In the ICU-ROX study, no difference in mortality was found between the groups in 965 patients. However, one might argue that this study compared like with like as virtually no difference existed between the two groups: one group aimed at an oxygen saturation of 90-97% which resulted in a mean partial pressure of approximately 80 mmHg, while the other group targeting an oxygen saturation of > 90% reached a partial pressure of approximately 90 mmHg (Mackle et al. 2020).
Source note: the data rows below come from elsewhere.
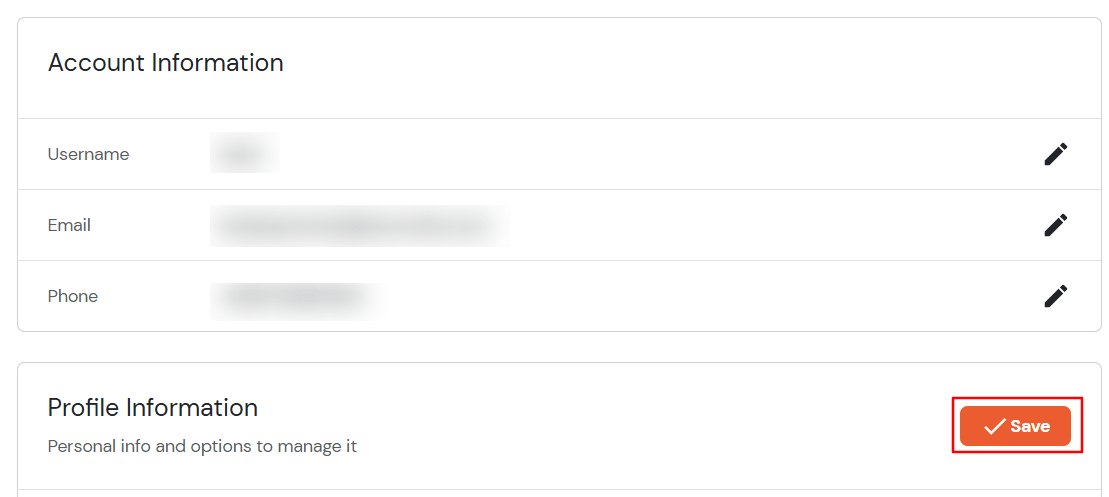 Configure Multi/Two-Factor Authentication(2FA) for RD Web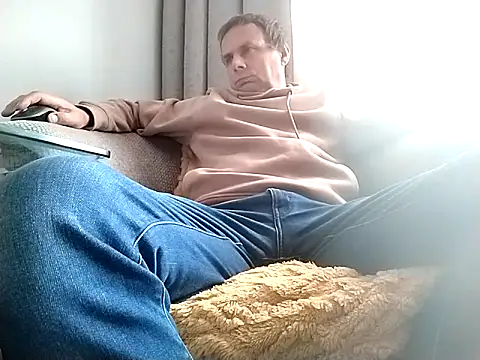 Snapshot of grzes19763 chatting on September 2025 09:09:02 AM grzes19763 online show from September 2025 09:09:02 AM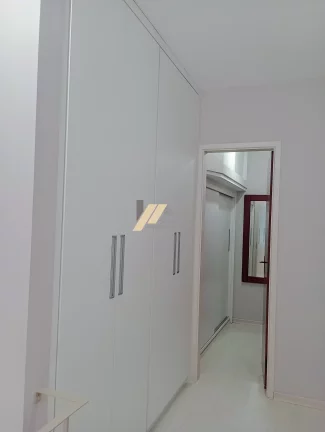 Imagem Apartamento duplex à venda no Cambuí em Campinas, São Paulo.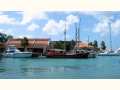 Boats of all kinds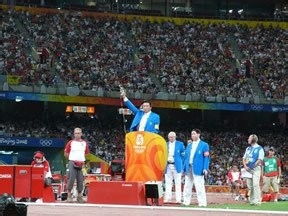 徑賽裁判員注意事項,拔河比賽裁判注意事項,籃球裁判注意事項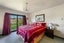 6 Athenry Road, Bridge Hill, Alexandra - Carousel 27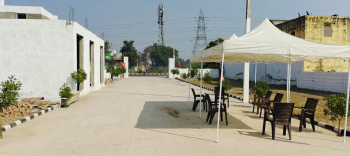 Property for sale in Jattari, Aligarh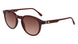 Lacoste L6030S Sunglasses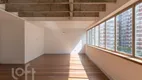 Foto 2 de Apartamento com 3 Quartos à venda, 180m² em Jardim Paulista, São Paulo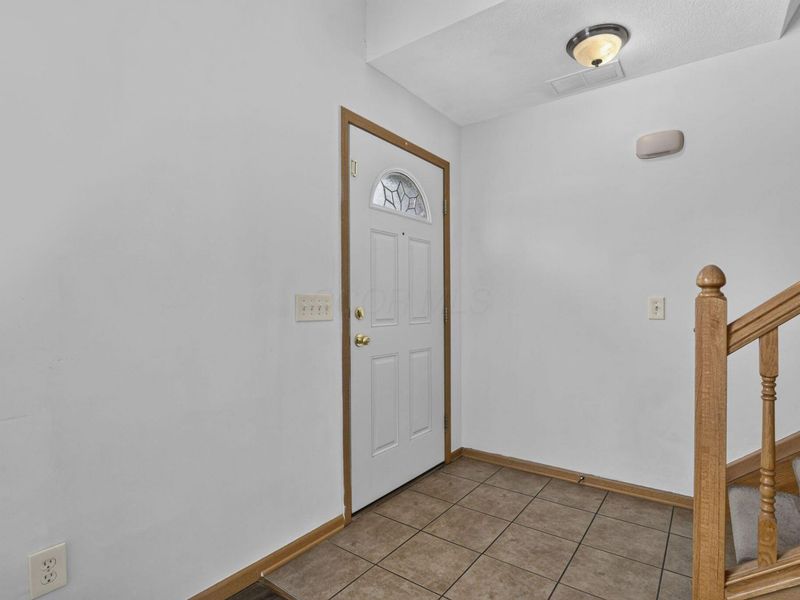 1180 Willow Oak Drive, Blacklick, OH 43004 Photo 8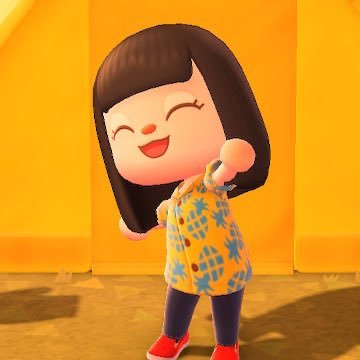 あちき 画像保存用 Redsannnn Twitter あちき 画像保存用 Redsannnn Twitter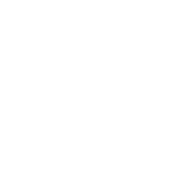 ブログイメージ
Very recently, the LOCO2 study comparing groups with an arterial oxygen partial pressure of 55-70 and 90-105 mmHg was terminated after the enrollment of 205 of 850 originally planned patients, because it did not appear likely that a difference in the primary outcome measure, the mortality at day 28, could be reached (Barrot et al. 2020). Furthermore, safety reasons were brought up. A slight difference in one of the secondary endpoints, the mortality at day 90 was higher in the lower oxygen group (44.4% vs. 30.4, difference: 14% with 95% confidence interval 0.7 to 27.2). For the interpretation of the results, it is noteworthy that this study included ARDS (acute respiratory distress syndrome) patients with a p/F-ratio of around 120 ± 50 mmHg and an inspiratory fraction of oxygen of 0.8 ± 0.2 in both groups. No other study had included patients with such severe disturbances in pulmonary gas exchange, so far. For interventions as e. g. suctioning, no preoxygenation was performed and this presumably induced hypoxia on several occasions that should be avoided.

The O2-ICU study from The Netherlands ( NCT02321072), comparing 60-90 with 105-135 mmHg is currently still recruiting patients.

The question of the optimal oxygen partial pressure for ventilated intensive care patients currently remains unanswered, but it is undisputed that hyperoxia certainly offers no benefit for this group of patients.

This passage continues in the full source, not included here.